How can I get students to realize that fundamentally, I don't care why they can't make it to class--that fundamentally, I only care that they show up and make some kind of effort?
How can I get students to realize that I make no distinction between an excused and an unexcused absence, that they all count the same, that this is why I set a maximum number of absences?
How can I get students to realize that showing up an hour late to a one hour and 45-minute class cheats themselves, their classmates, and their instructor?
How can I get students to realize that if they schedule a doctor's appointment that makes them late to class, it was their choice and I don't fundamentally care if they had it scheduled that day at that time for the last six months, that they're still missing class and missing important information?
How can I get students to realize that school is as serious as their jobs and requires the same kind of time management?
I know, I know--I'm taking the high road, and how can a little old thing like a college education compete with bills, divorces, court dates, and the mayhem of life? But I just don't understand why some of these people who don't have it together, and clearly don't have the attention or energy for going to school, don't at least take one semester off.

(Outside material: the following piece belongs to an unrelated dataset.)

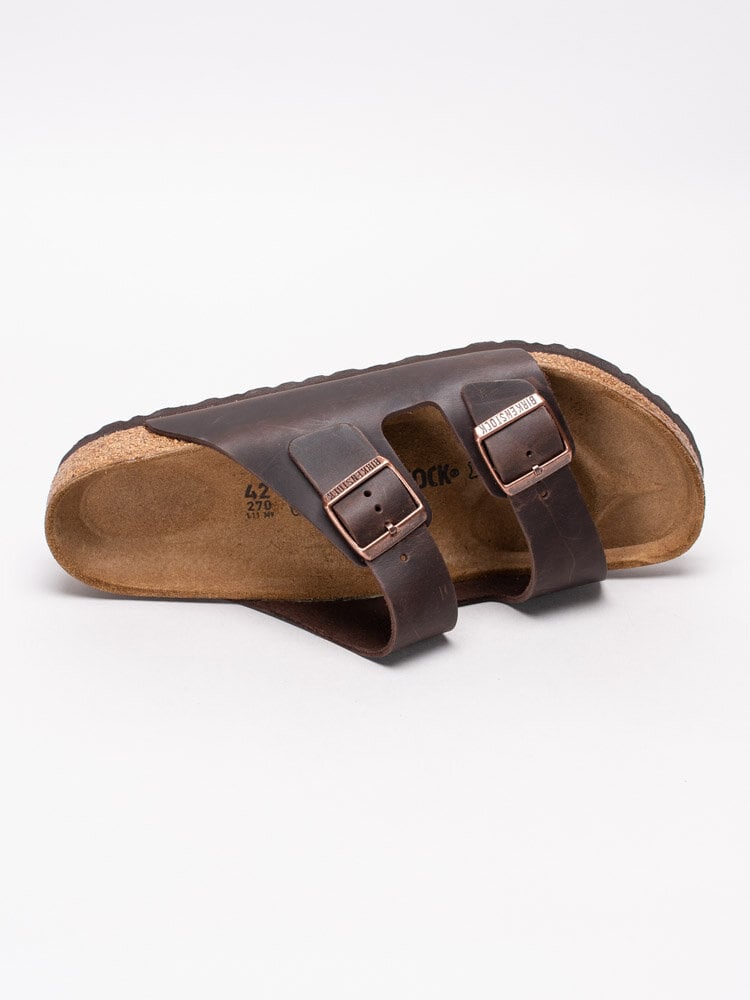 Birkenstock - Arizona oiled leather - Slip in sandaler med klassisk sula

But I have to remind myself that my college experience was not the same as theirs is. I didn't have to work, raise a family, battle daily traffic, or (mostly) scrape for money all while going to school. At the same time, I like to think I understood the severe importance of college and took it pretty seriously. Some of these guys--I just don't think they understand that. They want the same experience they had in public high school, which is, unfortunately, to be passive recipients of information they can then spit up on a test. Just to get through it, to endure, to survive.
We're all players in this game, all of us--from students to teachers to administrators to an advertising-saturated world that tells us we can do it all and then some. Touting online classes, our school essentially tells prospective students, "You can go to school in your pj's! You don't need to change anything else about your life! We'll make it convenient for you!" And convenience is nice--but if that's all we sell, then how are we different from your average Wal-Mart Supercenter?

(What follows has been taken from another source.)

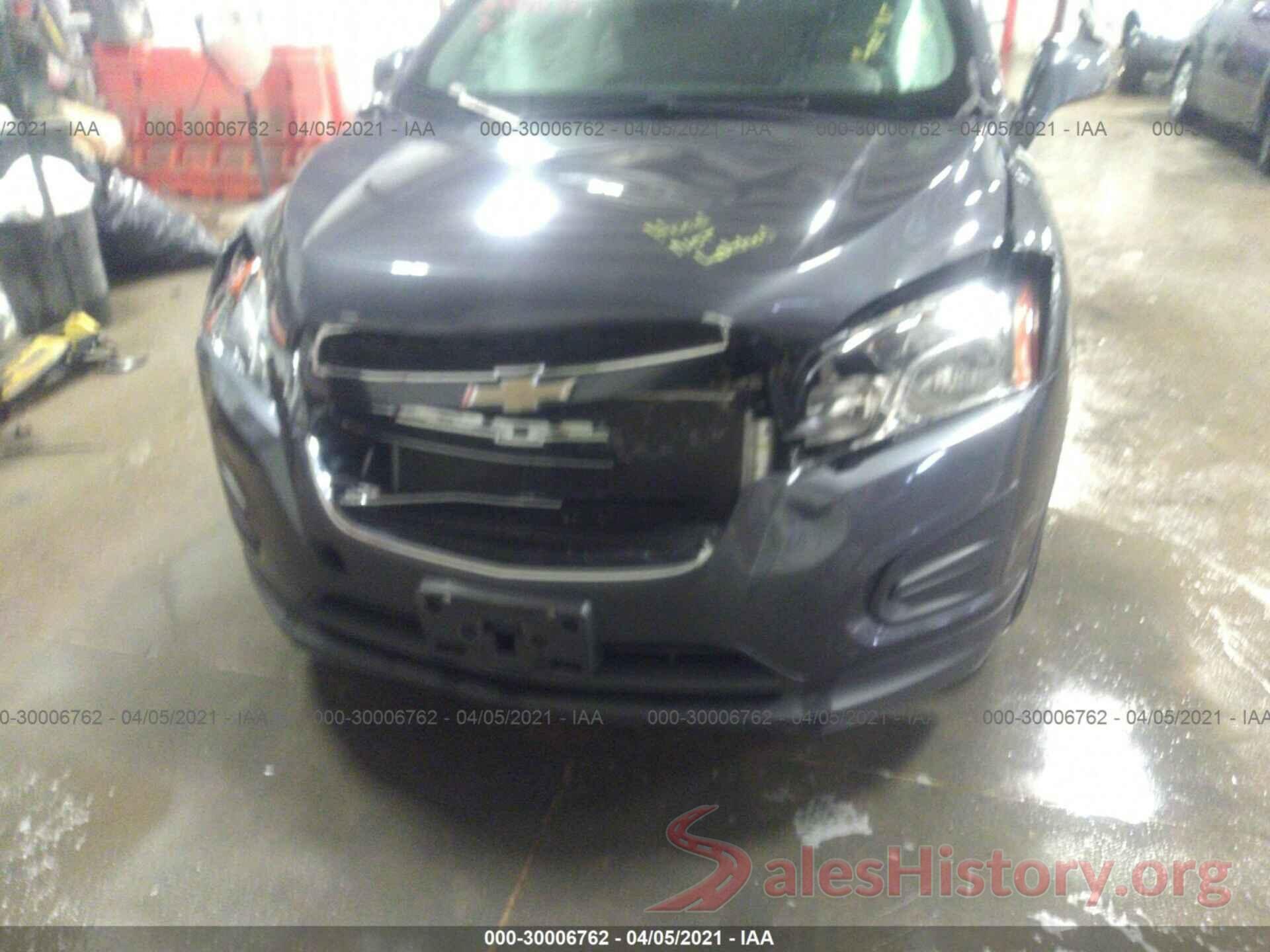 3GNCJLSB8GL198423 2016 CHEVROLET TRAX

A former department chair (who has since left and taken another job) nailed it on the head in a department meeting when he said, "This school doesn't care about quality of instruction; it only cares about numbers." Indeed, our numbers are impressive and getting more so every year, but how many of our students are truly getting something resembling an education? I'm sure that somewhere exists a record of how many students who enter our doors actually hang on long enough to either get a 2-year degree from us or transfer to a 4-year school. And I'll bet that's a record no one's eager to make public.
Still, we offer a chance. And that's what many of our "customers" come to us for: a chance. And it's far better to grant them the chance, and give them what they need to become better, than to get too riled up about how they don't belong--as I was doing earlier.

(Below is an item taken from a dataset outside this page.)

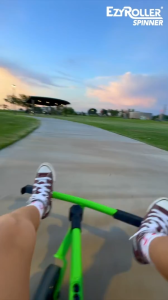 EzyRoller Spinner Ride-on machine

One of my long-time friends, a librarian, once told me, "Just because they didn't learn it doesn't mean you didn't teach it." So being at heart a control freak, I have to relinquish my desire for control whenever steam begins to pour out of my ears. I can put an absence policy in the syllabus. I can give them reading quizzes and written assignments. I can stress how summer classes require even better time management than fall and spring classes. But they have to have the presence of mind and the desire to do the work and get better.
2 comments:
You know...maybe you could just list those EXACT things you just told us on your syllabus. I put something on my syllabi about how I don't do the "excused/unexcused" absence thing, and that I give a certain number of absences just so students can deal with sick kids, unreasonable bosses, personal illness, family crises, court appearances, carjackings, alien abductions, etc. And once they're out of days, they're WF-ed out of class. PERIOD.
You said it really well in your post. Put it on the syllabus, and let the pooping of drawers begin.
I actually do list a good many of those items--and they still don't sink in! And I go over the syllabus the first day of class. A lot of 'em simply don't read the syllabus, and/or they think their cases should be exceptions, and/or they don't think they'll *really* fail for excessive absences. I have news for 'em.